Here the group will be discussing about bigdata usecases and learnings. Any kind of Big Data doubts can be dispelled by any of the Big Data specialists belong to this group. Come learn and share your experiences with us.

 Till now we have conducted 10+ chennai meetups in OrangeScape Technologies, Chennai. If any one is interested in hosting the user group in chennai, please reach us through contact us form.  With our constant growth in the number of members, we are making a significant impact in the chennai tech communities.

Overview of Hadoop EcoSystem

Chennai Hadoop EcoSystem Overview


Introduction to Hadoop EcoSystem
Apache Hadoop is an open source software framework written by Doug Cutting to store as well as process large scale datasets on cluster of commodity hardwares. In other words, hadoop provides distributed storage as well as distributed processing.Above picture shows the overview of current Hadoop framework. Below are the some layers or components in the Hadoop Framework.
Storage –  HDFS(Hadoop Distributed FileSystem) provides scalable fault tolerant storage by dividing the data into blocks and storing across the machines.
-  HBase (NoSQL) – Provides random reads as well as write capabilities. It again stores data in HDFS(Hadoop Distributed FileSystem)

ResourceManagement - YARN (Yet Another Resource Negotiator) provides cluster resource management for any applications in Hadoop clusters. YARN become a fully GA from hadoop-2.4 but work started from hadoop-0.23

Data Processing
MapReduce – A default framework or programming model for processing in Hadoop till hadoop-1.x. Even in Hadoop-2.x, we still use MapReduce. This model is based upon the Google’s MapReducer Paper.

Tez – An Application framework built atop YARN to serve both batch as well as interactive processing.

Apache Spark – A cluster computing system written in Scala which also provides iteractive , interactive processing. Spark can also run independent of Hadoop. Spark provides an unified framework for big Data processing. Spark Framework also provides high level APIs in Java, Python, Scala and Soon R Language too.Apache Spark also supports a rich set of higher-level tools including Spark SQL for SQL and structured data processing, MLlib for machine learning, GraphX for graph processing, and Spark Streaming for stream processing.Apache Spark officially sets a new record in large-scale sorting beating previous record by Apache Hadoop.

Apache Storm – Stream processing framework developed by BackType(acquired by Twitter later).
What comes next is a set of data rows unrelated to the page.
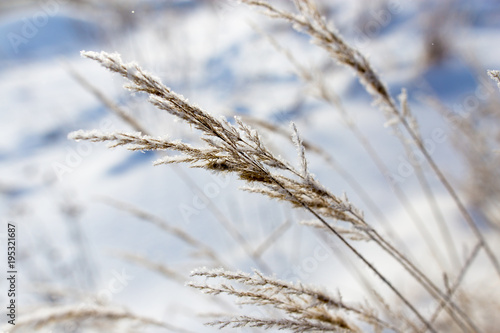 Dry grass in snow on nature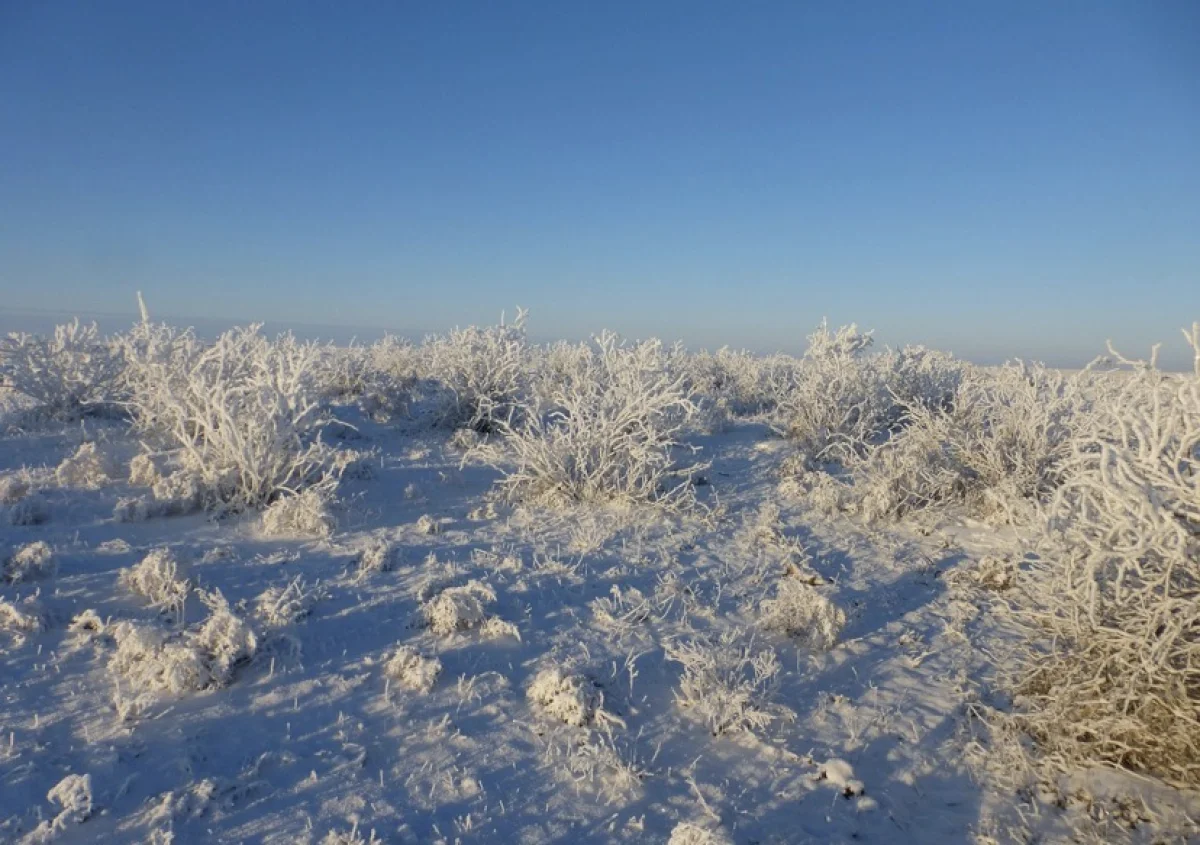 Пастух не вернулся домой в Жамбылской области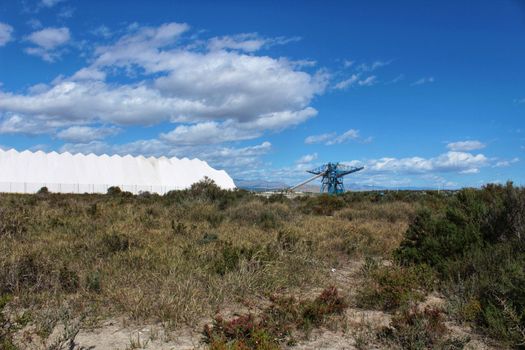 Salinas and vegetation under blue sky in Santa Pola, Alicante, Spain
Widely used Stream processing. Other important streaming processing are Samza, Spark Streaming, DataTorrent.

High Level Abstractions for processing.
Apache Hive – Started by Facebook and widely used SQL on Hadoop solution. Hive currently supports MR and Tez as execution engine in Hadoop cluster. Soon Apache Spark as execution engine will be GA in Apache Hive and works are on by Hadoop community.
Apache Pig – A Script(Piglatin) based high level abstration for MR and Tez in Hadoop. There has been an open source version “spork” supporting Apache Spark as execution engine in Apache Pig.